(Task instructions): Transcribe only part of the material below: the lines from the one containing "Hello everyone, this" through the one containing "We're going to do", inclusive, exactly as written.

(Information):
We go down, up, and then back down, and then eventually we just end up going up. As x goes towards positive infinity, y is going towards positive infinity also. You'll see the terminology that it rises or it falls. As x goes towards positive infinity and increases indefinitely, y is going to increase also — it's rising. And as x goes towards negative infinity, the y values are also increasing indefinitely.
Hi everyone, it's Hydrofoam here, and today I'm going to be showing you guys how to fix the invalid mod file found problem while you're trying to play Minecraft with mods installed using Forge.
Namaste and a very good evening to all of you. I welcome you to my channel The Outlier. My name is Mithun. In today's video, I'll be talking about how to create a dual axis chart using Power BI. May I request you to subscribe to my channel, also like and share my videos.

---

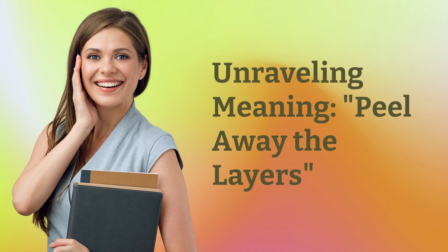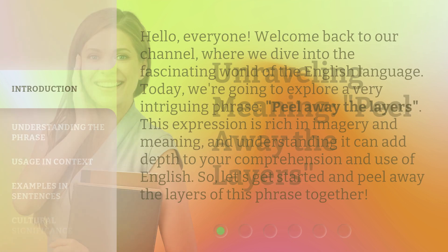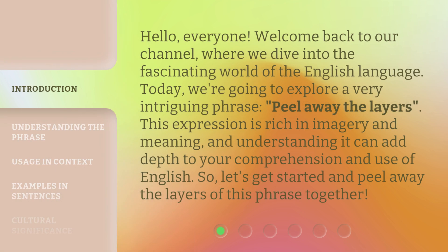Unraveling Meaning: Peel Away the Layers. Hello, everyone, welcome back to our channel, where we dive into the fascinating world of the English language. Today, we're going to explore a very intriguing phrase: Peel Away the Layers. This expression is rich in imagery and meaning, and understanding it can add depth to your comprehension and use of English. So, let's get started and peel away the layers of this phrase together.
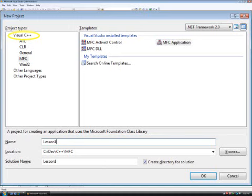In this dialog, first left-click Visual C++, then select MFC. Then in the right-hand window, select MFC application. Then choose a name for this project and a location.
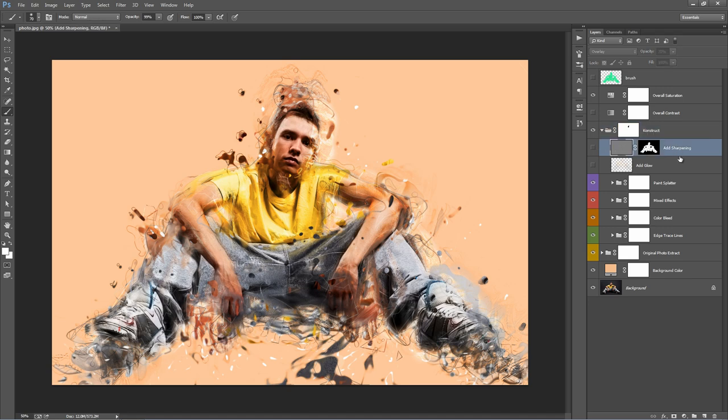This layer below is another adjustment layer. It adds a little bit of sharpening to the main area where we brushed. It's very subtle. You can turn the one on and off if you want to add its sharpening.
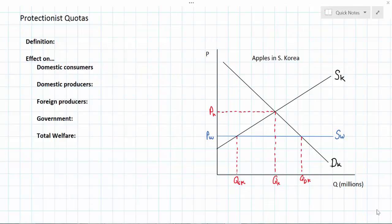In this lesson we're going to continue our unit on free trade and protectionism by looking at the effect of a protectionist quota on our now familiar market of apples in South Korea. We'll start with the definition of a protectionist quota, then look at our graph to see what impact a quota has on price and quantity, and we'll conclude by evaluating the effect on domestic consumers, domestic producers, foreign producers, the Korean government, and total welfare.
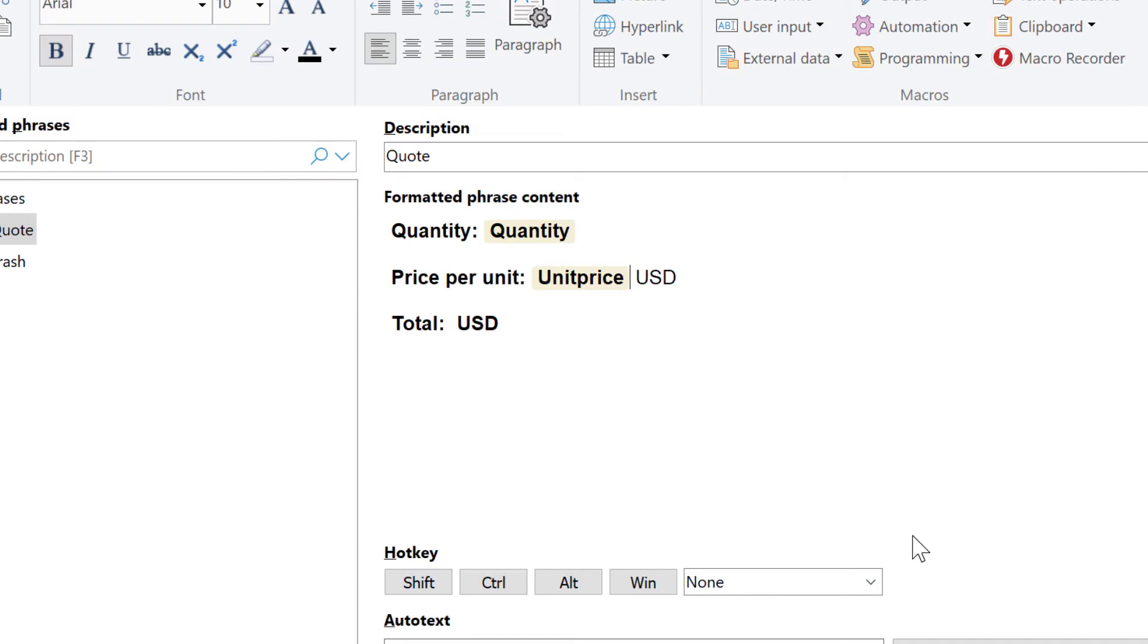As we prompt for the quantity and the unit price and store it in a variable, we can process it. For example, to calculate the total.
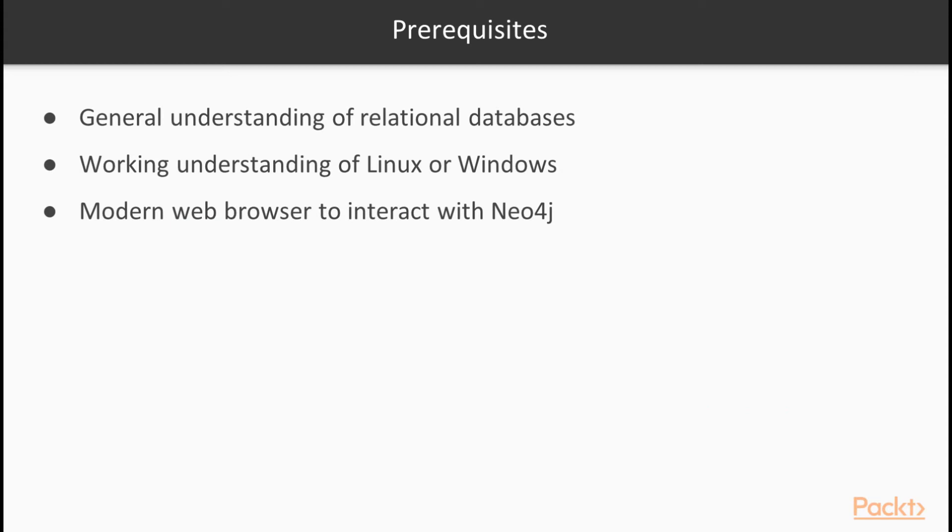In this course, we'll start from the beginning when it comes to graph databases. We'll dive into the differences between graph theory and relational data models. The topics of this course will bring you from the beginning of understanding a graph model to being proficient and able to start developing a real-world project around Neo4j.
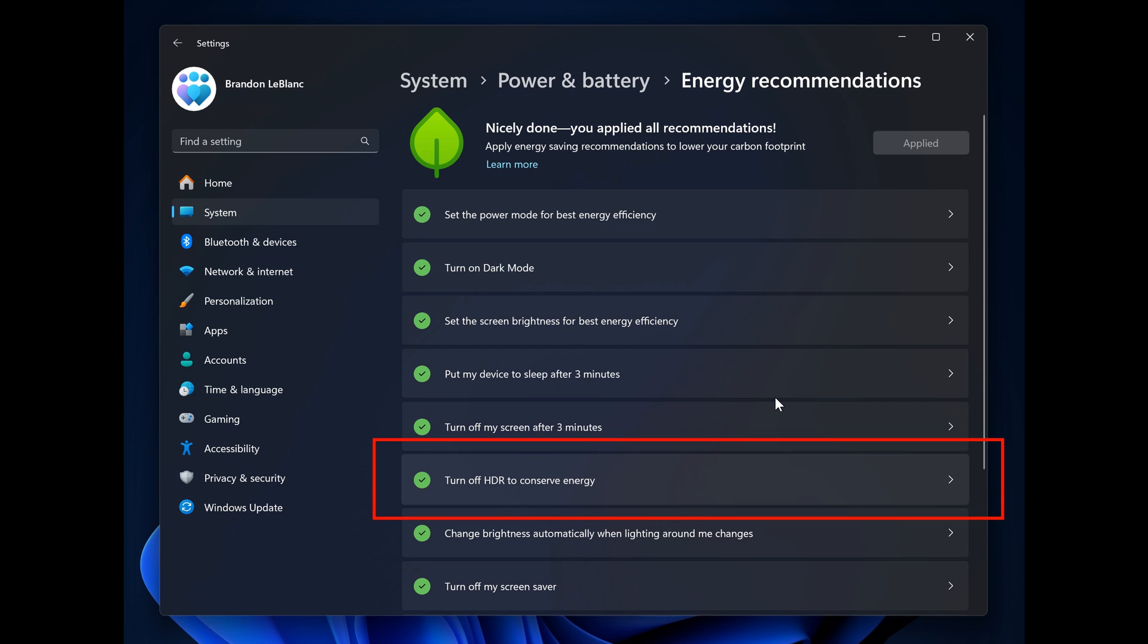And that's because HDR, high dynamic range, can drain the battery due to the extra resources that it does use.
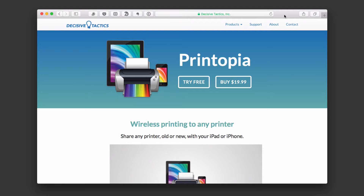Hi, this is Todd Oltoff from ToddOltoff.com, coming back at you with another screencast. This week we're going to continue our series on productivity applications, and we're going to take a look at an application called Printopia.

* * *

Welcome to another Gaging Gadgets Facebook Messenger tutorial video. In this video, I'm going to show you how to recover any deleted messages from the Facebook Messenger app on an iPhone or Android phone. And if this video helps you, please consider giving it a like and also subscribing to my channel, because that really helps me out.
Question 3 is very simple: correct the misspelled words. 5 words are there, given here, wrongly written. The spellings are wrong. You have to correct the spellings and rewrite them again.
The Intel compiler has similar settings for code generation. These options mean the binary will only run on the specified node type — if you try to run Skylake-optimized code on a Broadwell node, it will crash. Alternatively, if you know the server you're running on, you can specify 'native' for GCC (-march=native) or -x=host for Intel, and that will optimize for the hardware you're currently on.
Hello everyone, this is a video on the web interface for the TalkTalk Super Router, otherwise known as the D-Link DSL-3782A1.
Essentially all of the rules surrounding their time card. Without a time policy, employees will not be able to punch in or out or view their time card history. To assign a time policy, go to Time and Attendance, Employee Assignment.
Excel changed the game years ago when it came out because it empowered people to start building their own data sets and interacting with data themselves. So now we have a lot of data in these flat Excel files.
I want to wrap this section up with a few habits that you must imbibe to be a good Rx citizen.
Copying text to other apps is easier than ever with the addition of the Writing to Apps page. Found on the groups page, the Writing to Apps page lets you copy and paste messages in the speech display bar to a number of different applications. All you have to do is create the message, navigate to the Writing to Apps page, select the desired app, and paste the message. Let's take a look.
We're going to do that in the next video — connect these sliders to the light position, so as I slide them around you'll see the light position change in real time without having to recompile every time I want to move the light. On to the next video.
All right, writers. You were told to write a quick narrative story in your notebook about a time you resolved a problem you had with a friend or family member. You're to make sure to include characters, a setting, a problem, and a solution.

(Answer area):
Hello everyone, this is a video on the web interface for the TalkTalk Super Router, otherwise known as the D-Link DSL-3782A1.
Essentially all of the rules surrounding their time card. Without a time policy, employees will not be able to punch in or out or view their time card history. To assign a time policy, go to Time and Attendance, Employee Assignment.
Excel changed the game years ago when it came out because it empowered people to start building their own data sets and interacting with data themselves. So now we have a lot of data in these flat Excel files.
I want to wrap this section up with a few habits that you must imbibe to be a good Rx citizen.
Copying text to other apps is easier than ever with the addition of the Writing to Apps page. Found on the groups page, the Writing to Apps page lets you copy and paste messages in the speech display bar to a number of different applications. All you have to do is create the message, navigate to the Writing to Apps page, select the desired app, and paste the message. Let's take a look.
We're going to do that in the next video — connect these sliders to the light position, so as I slide them around you'll see the light position change in real time without having to recompile every time I want to move the light. On to the next video.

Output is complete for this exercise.